Patty Tavatanakit made her professional debut at the U.S. Women’s Open at the end of May after two years of collegiate golf at UCLA. That start was overshadowed by the debuts of Maria Fassi and Jennifer Kupcho with Fassi finishing T12. Except for friends, family and a few Bruins in Charleston, S.C., almost no one would have noticed the long-hitting 19-year-old with more A’s and T’s in her name than Mississippi has S’s.
But if you follow the women’s game, you likely know Tavatanakit now, especially after she made headlines last Sunday at the Thornberry Creek LPGA Classic, playing on a sponsor exemption. Early on Sunday, Tavatanakit shot a final-round, 11-under 61, a round that included three eagles and five birdies. Her 20-under total tied for the lead before the final two groups teed off and proved to be good enough for a T15 finish. Golf Channel even broke away from its coverage of the European Tour’s Dubai Duty Free Irish Open to cover Tavatanakit’s final few holes as she chased 59, Annika Sörenstam’s 18-hole LPGA scoring record.
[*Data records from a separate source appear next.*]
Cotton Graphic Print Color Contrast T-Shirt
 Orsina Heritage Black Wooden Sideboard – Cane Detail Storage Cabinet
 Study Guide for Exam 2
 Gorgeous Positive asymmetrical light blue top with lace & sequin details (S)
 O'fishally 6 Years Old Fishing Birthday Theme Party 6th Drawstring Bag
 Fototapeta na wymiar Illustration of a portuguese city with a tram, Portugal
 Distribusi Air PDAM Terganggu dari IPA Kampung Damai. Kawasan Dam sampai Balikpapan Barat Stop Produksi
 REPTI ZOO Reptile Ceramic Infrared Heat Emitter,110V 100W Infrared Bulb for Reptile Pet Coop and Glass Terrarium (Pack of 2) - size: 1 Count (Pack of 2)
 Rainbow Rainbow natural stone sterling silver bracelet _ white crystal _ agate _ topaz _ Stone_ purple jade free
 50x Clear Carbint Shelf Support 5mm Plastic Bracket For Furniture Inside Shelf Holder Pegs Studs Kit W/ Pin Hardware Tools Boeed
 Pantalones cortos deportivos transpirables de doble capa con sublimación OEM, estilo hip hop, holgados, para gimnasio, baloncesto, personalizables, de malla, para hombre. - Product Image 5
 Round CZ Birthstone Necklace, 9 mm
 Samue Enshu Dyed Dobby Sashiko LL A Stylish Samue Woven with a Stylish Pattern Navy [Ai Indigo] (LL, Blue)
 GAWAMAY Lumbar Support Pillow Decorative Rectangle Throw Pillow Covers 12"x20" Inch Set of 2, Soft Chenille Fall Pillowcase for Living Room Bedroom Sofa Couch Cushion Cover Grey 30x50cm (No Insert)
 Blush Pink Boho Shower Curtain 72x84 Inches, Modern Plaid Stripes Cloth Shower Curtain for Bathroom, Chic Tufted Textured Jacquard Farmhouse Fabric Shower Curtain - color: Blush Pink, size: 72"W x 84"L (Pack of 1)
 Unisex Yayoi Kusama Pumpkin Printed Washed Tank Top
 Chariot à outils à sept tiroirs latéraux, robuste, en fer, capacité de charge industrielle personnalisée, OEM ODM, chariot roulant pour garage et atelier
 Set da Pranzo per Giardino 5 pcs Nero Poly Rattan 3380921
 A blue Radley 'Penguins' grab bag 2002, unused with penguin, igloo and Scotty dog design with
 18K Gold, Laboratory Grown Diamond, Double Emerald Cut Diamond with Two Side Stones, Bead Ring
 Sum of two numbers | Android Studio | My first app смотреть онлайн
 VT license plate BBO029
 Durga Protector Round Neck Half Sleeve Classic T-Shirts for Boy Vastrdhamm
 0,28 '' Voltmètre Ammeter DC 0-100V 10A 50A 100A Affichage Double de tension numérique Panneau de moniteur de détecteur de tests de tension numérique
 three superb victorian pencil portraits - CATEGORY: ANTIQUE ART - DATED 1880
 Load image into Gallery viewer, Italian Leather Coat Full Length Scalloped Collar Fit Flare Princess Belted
But when the Bangkok native talked to me about her college golf experience, she was frank about her time in Southern California.
“Over the last three months (of the college golf season), I realized I just wanted to play golf and focus on it and have that as my career because no matter how long it takes, I want be a pro golfer, so I said why not just start now,” Tavatanikit said. “I can always go back to school and get my degree.”
She really didn’t take to the college golf atmosphere. That’s why she turned pro after earning Symetra Tour status at LPGA Q-Series last fall.
“When I wasn’t playing well at the college level or I wasn’t dominating, that spoke louder to me than anything because then I couldn’t focus fully and be ‘all in’ on my golf game,” she said. “It was because I had to study and keep my grades up for school and for the team. … I need to focus a lot on myself. And to be honest, it wasn’t helping me to be in a team environment because you’re with a lot of people. It wasn’t healthy for me.”
“I’m just going with the flow here. One bad round and one bad shot isn’t going to bother me.” – Patty Tavatanakit
Being comfortable playing as an individual, out on her own, showed at Thornberry Creek.
“I really didn’t think about shooting low and that’s probably why I did,” Tavatanakit said. “I was just focusing on each shot, and it just helped me hone in on my game more on each shot tee to green. … I was just caught up in the moment, a good moment. I was just converting all of those eagles and birdies and they just happened to add up to 61.”
It was just her second LPGA start as a pro but she did shoot a closing 68 in April to finish T26 in the ANA Inspiration, an event she played instead of the Augusta National Women’s Amateur.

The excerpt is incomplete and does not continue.